Exercise details: From the entries below, please output exactly the lines starting at the one containing "Foshio Customize Carving Craft Cutter Knife" and ending at the one containing "豫州迷局林默言汤姆免费阅读全文_热门小说大全豫州迷局林默言汤姆", both included.

══ Supplied material ══

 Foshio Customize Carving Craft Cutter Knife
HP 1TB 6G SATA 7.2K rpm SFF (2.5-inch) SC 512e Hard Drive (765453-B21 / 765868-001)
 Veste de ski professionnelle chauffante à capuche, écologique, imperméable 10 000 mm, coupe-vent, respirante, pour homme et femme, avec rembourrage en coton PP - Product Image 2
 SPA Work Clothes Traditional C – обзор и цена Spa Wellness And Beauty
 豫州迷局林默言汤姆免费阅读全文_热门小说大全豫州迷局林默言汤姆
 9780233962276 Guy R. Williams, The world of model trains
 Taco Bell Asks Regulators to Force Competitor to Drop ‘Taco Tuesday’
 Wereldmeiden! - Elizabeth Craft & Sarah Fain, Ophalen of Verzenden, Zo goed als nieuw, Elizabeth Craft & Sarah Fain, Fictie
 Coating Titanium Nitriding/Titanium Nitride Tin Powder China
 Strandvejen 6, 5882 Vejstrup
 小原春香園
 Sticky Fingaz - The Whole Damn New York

═══
══ Supplied material ══

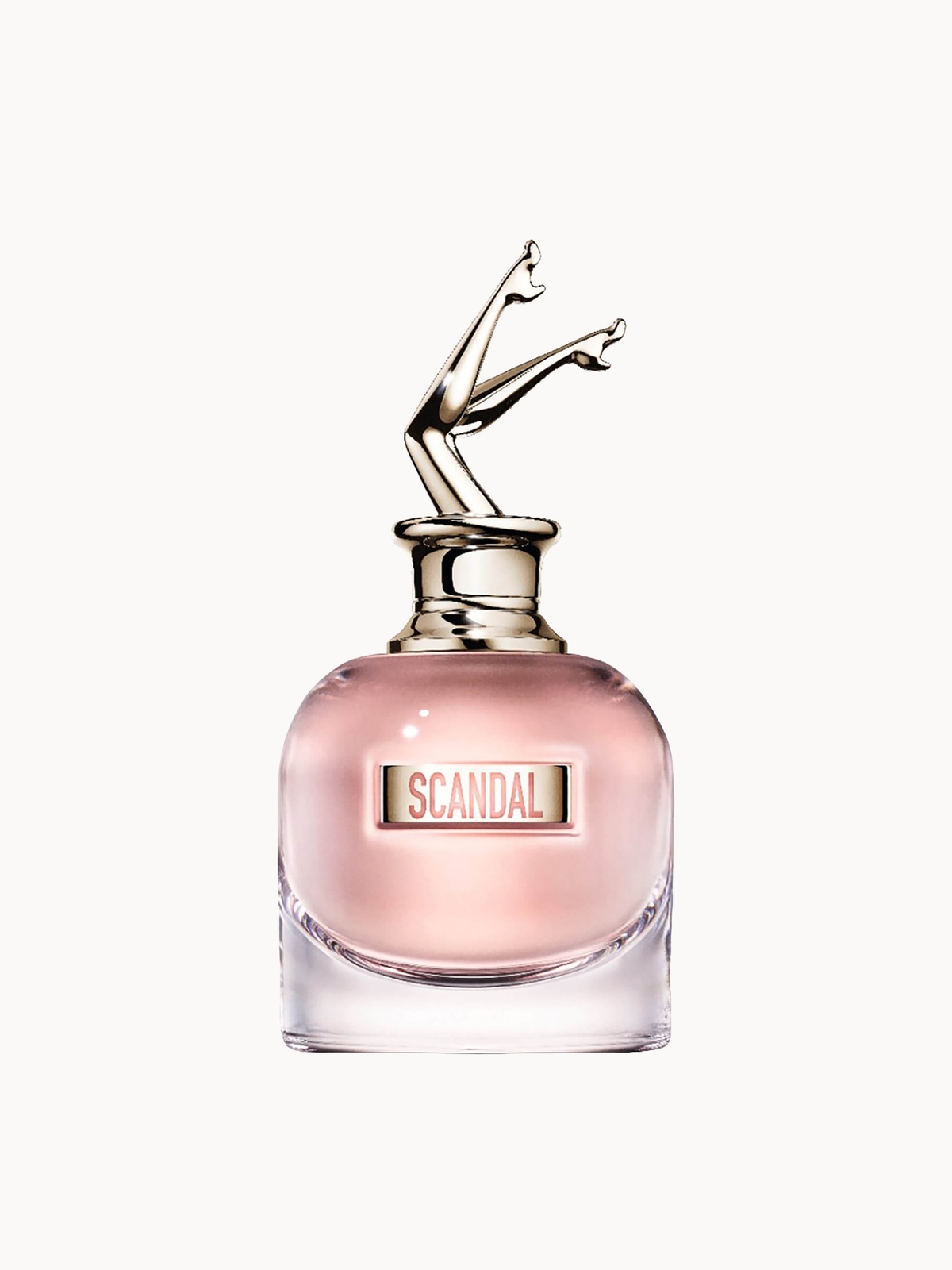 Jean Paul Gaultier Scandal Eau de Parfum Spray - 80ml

═══
══ Supplied material ══

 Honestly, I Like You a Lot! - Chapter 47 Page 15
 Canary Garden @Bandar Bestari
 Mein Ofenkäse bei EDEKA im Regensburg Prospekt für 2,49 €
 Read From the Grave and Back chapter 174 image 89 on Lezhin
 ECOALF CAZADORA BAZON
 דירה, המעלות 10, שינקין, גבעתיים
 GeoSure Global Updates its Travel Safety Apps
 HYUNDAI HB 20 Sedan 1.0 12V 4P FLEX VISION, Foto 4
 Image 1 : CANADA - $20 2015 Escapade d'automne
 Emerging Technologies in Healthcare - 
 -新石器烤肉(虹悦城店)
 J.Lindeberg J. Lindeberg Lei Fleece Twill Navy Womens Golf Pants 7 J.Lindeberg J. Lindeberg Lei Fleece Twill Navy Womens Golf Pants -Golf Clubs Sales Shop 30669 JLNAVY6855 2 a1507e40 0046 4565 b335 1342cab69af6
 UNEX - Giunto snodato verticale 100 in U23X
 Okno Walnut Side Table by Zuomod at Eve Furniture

═══

Solution for this exercise:
 Foshio Customize Carving Craft Cutter Knife
HP 1TB 6G SATA 7.2K rpm SFF (2.5-inch) SC 512e Hard Drive (765453-B21 / 765868-001)
 Veste de ski professionnelle chauffante à capuche, écologique, imperméable 10 000 mm, coupe-vent, respirante, pour homme et femme, avec rembourrage en coton PP - Product Image 2
 SPA Work Clothes Traditional C – обзор и цена Spa Wellness And Beauty
 豫州迷局林默言汤姆免费阅读全文_热门小说大全豫州迷局林默言汤姆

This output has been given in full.